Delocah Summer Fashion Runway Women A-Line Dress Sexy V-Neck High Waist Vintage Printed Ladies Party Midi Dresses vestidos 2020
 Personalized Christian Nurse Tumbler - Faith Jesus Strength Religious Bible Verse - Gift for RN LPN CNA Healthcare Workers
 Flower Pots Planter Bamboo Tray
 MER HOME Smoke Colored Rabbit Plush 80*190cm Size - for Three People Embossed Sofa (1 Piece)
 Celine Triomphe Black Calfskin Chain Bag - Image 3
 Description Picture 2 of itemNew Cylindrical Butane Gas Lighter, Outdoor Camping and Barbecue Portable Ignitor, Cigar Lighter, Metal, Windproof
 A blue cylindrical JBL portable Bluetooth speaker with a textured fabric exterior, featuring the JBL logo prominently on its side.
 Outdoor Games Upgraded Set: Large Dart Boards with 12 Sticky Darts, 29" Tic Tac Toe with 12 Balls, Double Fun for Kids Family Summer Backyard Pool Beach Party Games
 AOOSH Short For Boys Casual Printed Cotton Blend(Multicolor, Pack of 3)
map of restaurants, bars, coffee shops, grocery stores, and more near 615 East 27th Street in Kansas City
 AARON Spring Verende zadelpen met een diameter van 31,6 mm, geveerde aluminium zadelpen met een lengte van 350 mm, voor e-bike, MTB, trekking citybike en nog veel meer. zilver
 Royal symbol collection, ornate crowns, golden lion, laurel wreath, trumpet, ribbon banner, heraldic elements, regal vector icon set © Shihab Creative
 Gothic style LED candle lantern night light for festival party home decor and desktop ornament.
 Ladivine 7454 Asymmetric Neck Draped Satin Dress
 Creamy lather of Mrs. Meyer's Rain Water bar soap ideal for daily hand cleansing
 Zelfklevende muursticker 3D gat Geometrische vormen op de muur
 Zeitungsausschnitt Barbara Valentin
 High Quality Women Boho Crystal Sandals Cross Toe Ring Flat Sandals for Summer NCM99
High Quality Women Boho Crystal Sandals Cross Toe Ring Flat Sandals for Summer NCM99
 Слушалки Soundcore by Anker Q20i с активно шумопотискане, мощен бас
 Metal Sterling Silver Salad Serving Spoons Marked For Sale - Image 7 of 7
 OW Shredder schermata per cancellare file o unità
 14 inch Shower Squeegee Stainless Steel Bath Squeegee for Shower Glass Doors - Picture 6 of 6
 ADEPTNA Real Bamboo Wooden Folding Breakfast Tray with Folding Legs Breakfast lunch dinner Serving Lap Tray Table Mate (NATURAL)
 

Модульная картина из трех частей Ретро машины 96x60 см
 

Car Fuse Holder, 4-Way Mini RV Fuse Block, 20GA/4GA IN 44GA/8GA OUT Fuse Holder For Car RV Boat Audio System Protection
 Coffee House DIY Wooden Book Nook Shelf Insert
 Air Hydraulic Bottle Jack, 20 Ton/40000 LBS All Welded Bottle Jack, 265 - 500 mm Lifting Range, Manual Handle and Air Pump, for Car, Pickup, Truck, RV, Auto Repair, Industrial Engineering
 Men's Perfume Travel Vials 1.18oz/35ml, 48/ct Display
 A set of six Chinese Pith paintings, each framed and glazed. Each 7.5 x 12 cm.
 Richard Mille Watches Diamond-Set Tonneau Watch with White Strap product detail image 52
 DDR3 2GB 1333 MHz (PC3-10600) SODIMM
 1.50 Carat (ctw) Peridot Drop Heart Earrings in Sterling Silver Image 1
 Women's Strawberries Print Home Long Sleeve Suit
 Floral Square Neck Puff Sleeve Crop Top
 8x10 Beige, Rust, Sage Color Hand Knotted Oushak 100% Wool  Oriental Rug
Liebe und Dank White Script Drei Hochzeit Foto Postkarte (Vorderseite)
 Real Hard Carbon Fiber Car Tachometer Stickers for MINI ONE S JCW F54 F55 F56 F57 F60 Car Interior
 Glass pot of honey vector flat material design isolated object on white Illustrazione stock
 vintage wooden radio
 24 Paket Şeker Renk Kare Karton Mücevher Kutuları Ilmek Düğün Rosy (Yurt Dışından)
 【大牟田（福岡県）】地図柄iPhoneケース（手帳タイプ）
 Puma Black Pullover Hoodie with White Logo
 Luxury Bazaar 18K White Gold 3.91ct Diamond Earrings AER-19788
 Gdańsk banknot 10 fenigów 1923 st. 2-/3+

### Aim of the task
The answer must consist of every line from the listing above that includes the word "Sleeve".

### Task answer
 Women's Strawberries Print Home Long Sleeve Suit
 Floral Square Neck Puff Sleeve Crop Top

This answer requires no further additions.